Three months ago in Equinox on the Battenkill Mgmt. Ass’n. v. Philadelphia Indem. Ins. Co., 2015 VT 98 (Vt., Aug. 7, 2015), Vermont’s highest court held that a policy insuring against the “risks of . . . collapse” affords considerably broader coverage than one insuring against “direct loss [by] collapse.” While the latter covers only a falling in, the former encompasses situations in which collapse is imminent and perhaps even situations in which “the insured building’s structural integrity has degraded to the point where it cannot be safely and reliably used.” The case is a cautionary tale for underwriters everywhere, and it also contains a useful survey of “risk of collapse” jurisprudence from around the country.
The policyholder was a management association that operated a condominium complex in Manchester. Many of the units had cantilevered balconies, and those began experiencing structural problems in 2007. By 2012, it had become apparent that joists under the balconies had suffered moisture infiltration leading to rot and deterioration, and a structural engineer recommended that they be taken out of service altogether. According to the insurer’s expert, this was attributable to “construction and design issues.”
The insured made claim, contending that it suffered a compensable loss under an additional coverage afforded for the peril of collapse occasioned by “hidden decay;” the joists had never been inspected or exposed prior to 2012. The claim was denied, however, because the contract of insurance excluded loss caused by “[f]aulty, inadequate, or defective . . . [d]esign, specifications, workmanship, repair [or] construction.”
The policyholder responded with a declaratory judgment action, and cross-motions for summary judgment were filed. The insurer had also argued that none of the balconies had actually suffered a collapse, citing Gage v. Union Mut. Fire Ins. Co., 122 Vt. 246, 169 A.2d 29 (1961) for the proposition that to collapse meant “[t]o fall together suddenly” or “[t]o fall together or into an irregular mass or flattened form, through loss of firm connection or rigidity or support of the parts or loss of the contents.” The trial court agreed, and an appeal to Vermont’s Supreme Court followed. On August 7th, the state’s highest court reversed and remanded.
Speaking for four of the five justices, Chief Justice Paul Reiber held that Gage did not control. The policy in the 1961 case covered “all direct loss to property by . . . [c]ollapse;” the association’s policy, on the other hand, afforded coverage for “risks of direct physical ‘loss’ involving collapse of ‘buildings’ or any part of ‘buildings.’ “ As the Chief Justice explained, “[t]he difference in language is great.”

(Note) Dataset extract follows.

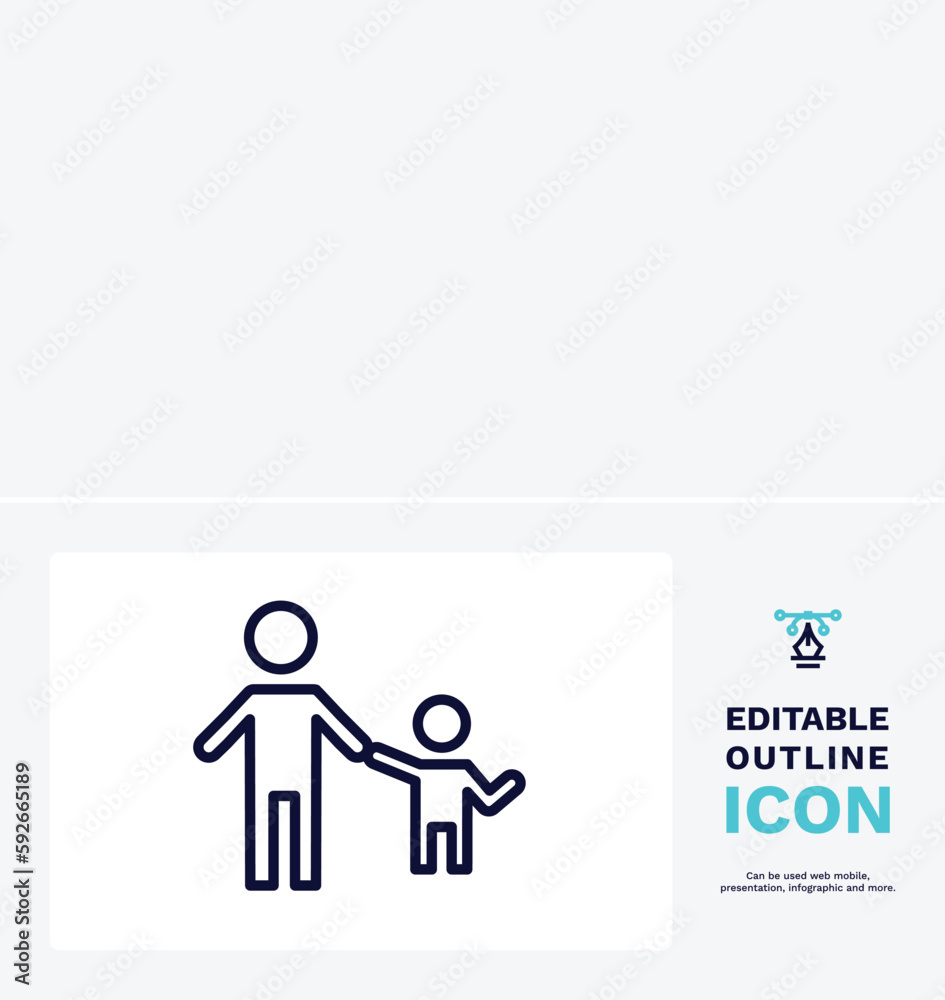 father and children icon. Thin line father and children icon from people and relation collection. Outline vector. Editable father and children symbol can be used web and mobile father and children icon. Thin line father and children icon from people and relation collection. Outline vector. Editable father and children symbol can be used web and mobile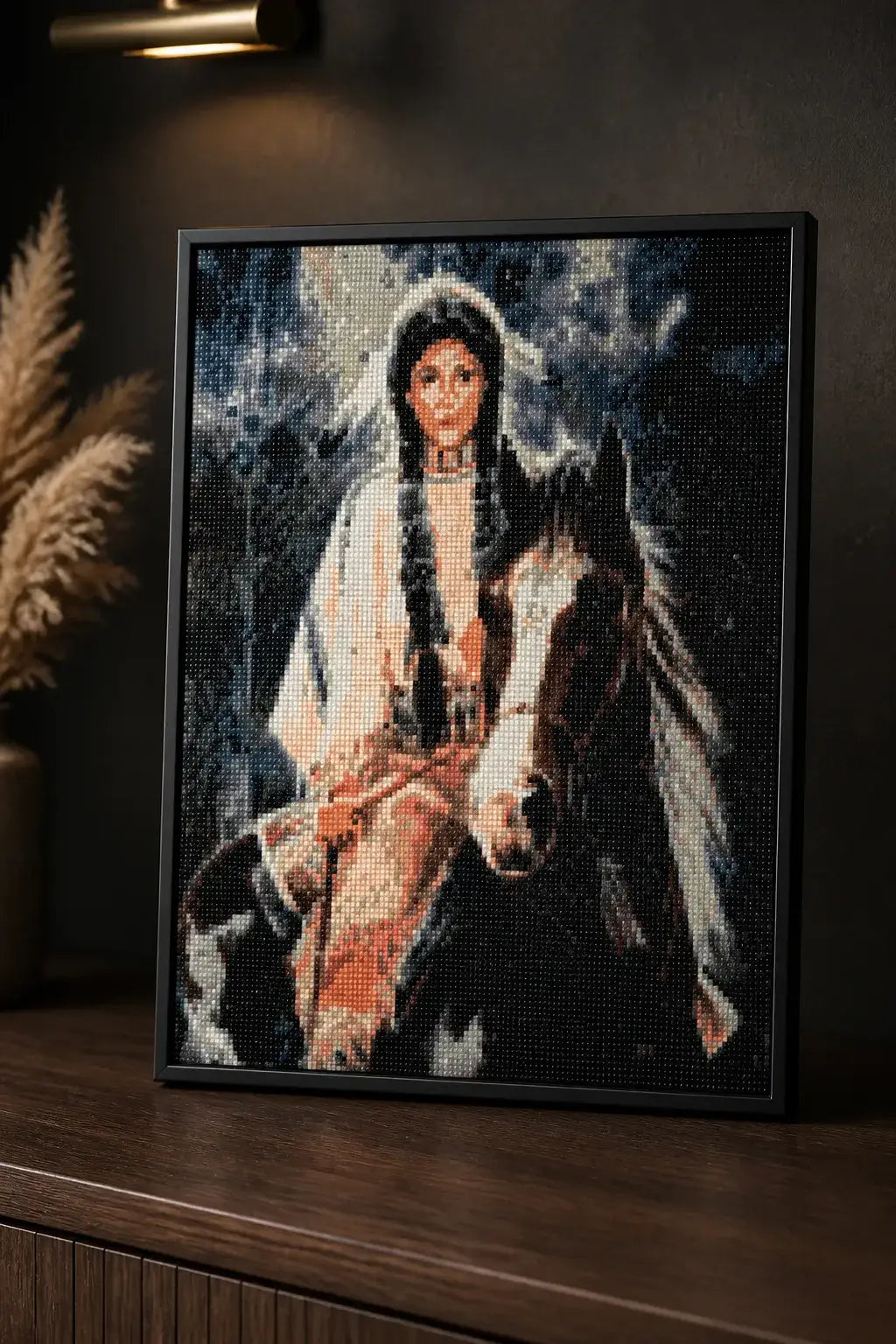 Skybound Warrior Diamond Painting featuring a rider on a horse with intricate diamond details.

Here . . . the policy contains additional language beyond “collapse.” The balconies may incur damage from a “risk of direct physical ‘loss’ involving collapse” even where they have not detached and completely fallen away from the buildings. . . . Such language may even expressly expand the scope of coverage if a court finds that a catastrophic failure is imminent or that the insured building’s structural integrity has degraded to the point where it cannot be safely and reliably used.
Because it held that “[t]he single word ‘collapse’ and the phrase ‘risk of loss involving collapse’ cannot mean the same thing,” the court was forced to craft the definition of the broader grant of coverage. After canvasing cases from a number of other jurisdictions, the decision concluded “that ‘a risk of direct physical loss involving collapse’ means a risk of imminent collapse.”
The insured had invoked the old canard of ambiguity, but the majority opinion declined to reach that issue, saying instead that both the factual question of whether there had been an insured risk of collapse here and the question of whether the policy was ambiguous in nature should be decided in the first instance by the trial court. That prompted Justice Beth Robinson to write a lengthy and trenchant descent. While she agreed with the majority’s construction of the additional coverage for collapse, she stated that the panel could and should have resolved both legal question of whether the contract of insurance was ambiguous and the ultimate question of whether there was sufficient evidence in the appellate record to allow the high court to determine coverage for good and all.